I noticed my first mistake when, after I had set up the materials and gotten students excited and ready to investigate, that they did not have their journals out to make observations, nor did they have the chart that I made to record their data. Instead of panicking about my mistake; however, I simply asked the students what we were missing. Some of the students were able to answer that we needed our science journals in order to record our data. The students then got out their journals and glued in their charts through this seemingly seamless interaction. After the lesson, I talked to my collaborating teacher about this incident and she told me that she did not even realize that I had made a mistake; she thought I was doing what I had already planned. I really appreciated this comment and I feel like it is very important to show my growth as a teacher.

After gluing in the charts, I made sure very explicitly explain the chart. Last time there was a lot of misunderstandings because there were two charts and the students were confused about where to write their data. This time, I spent a good period of time explaining the chart; however, it turned out that the students were more focused on the exploration that filling out the chart. At first I tried to redirect the students back to the chart; however, I realized that although record keeping and data collection was important, it was also important for the students to investigate through free exploration, which is exactly what they were doing. So I began to let go and allow the students to explore using all of the tools available to them.

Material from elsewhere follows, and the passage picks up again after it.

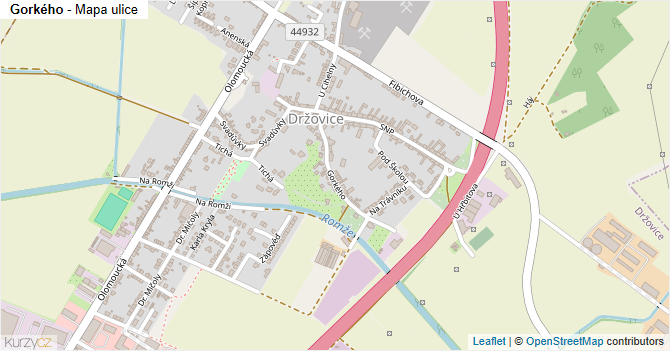 Gorkého - mapa ulice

In the beginning of the lesson, I passed out bags with a pipette, a ruler, and 4 straws (one for each group member so there would be no cross-contamination between students because I knew someone would put it in his or her mouth, which was perfectly acceptable as long as they used it appropriately). I wanted the students to explore and discover that an object can move even if the force is not directly applied to it (meaning if a student blows on the duck, it will still be pushed away) and I was very pleased to see that students discovered this mostly on their own. It was very interesting; however, because when we discussed what happened, the students were very talkative about pushing the duck away by blowing but no one wanted to talk about pulling the duck. I believe this happened because the students did not want to say the word “suck.” I think this was due to the fact that I have informed the students that I do not appreciate, nor do I want to hear words like “stupid” or “duh” in the classroom, so I think they assumed that “suck” is always a bad word even though it had a different meaning in this situation.

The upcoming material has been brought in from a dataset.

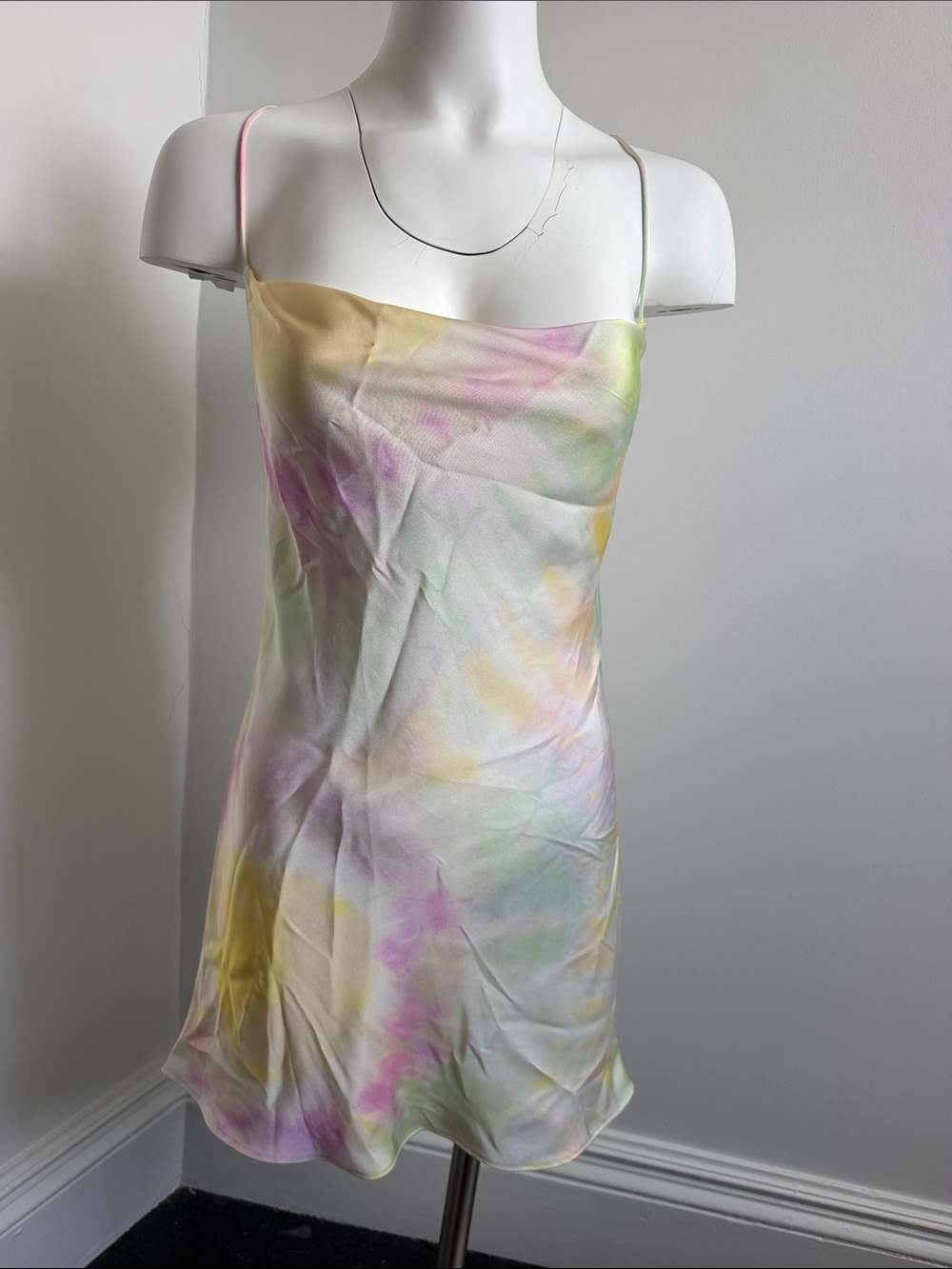 Zara Pastel Tie-Dye Slip Mini Dress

I was very surprised that my students were so engaged due to using the straws. I was very excited that they picked up free exploration quickly and easily. I was nervous to include this in my lesson plan because I was not sure if the students could handle it; however, I was clearly mistaken.

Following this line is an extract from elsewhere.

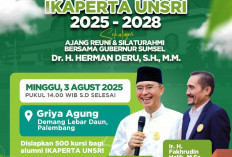 Pengukuhan Pengurus Ikaperta Unsri 2025-2029, Dihadiri Gubernur Sumsel Herman Deru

At the end of the lesson, I had students reflect on the experience and then self-assess using a smiley face system. In my classroom, the students self-assess their knowledge of the content using 🙂 , :/ . and ? The students write a 🙂 when they believe they fully understand the content and could teach it to a peer. The students write a :/ when they think they need extra help. The students write a ? when they know they need a lot of practice and help to understand the content. I did not yet collect and analyze this data; however, I was intrigued because one student who clearly mastered the content based on my informal observations put a ?. I asked her why she made this choice and she told me that this was because of what my collaborating teacher and I had said about self-assessment. In the past, we noticed that students would lie about their abilities in order to seem like they were doing well. My collaborating teacher and I had a long discussion with the students about honesty when self-assessing. I think; however, that we may need to remind the students that being honest does not mean under-estimating your abilities, but writing what you truly feel about how well you think you know the content.


I think that my second lesson went well; however, I know that I definitely did not explicitly follow my lesson plan. I do; however, this it is important to make adjustments as someone teaches a lesson based on the needs of his or her students that are observed through informal or formal observations. I am very excited for next week because I will be teaching my first STEM lesson based on Sheep in a Jeep. I have heavily modified this lesson with some help from my collaborating teacher and the science content coach and I am very hopeful that the students will learn and enjoy the lesson.